PROBLEM STATEMENT: Down to the final line, write out the material beneath exactly, without pictures.

SOURCE MATERIAL:

============

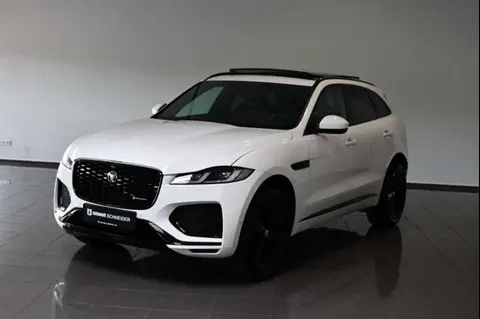 Used JAGUAR F-PACE Hybrid 2021 Ad 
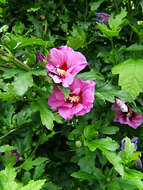 Imagem de Hibiscus syriacus L.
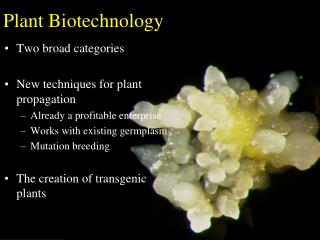 Plant Biotechnology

============

RESULT OF THIS EXERCISE:
 Used JAGUAR F-PACE Hybrid 2021 Ad 
 Imagem de Hibiscus syriacus L.
 Plant Biotechnology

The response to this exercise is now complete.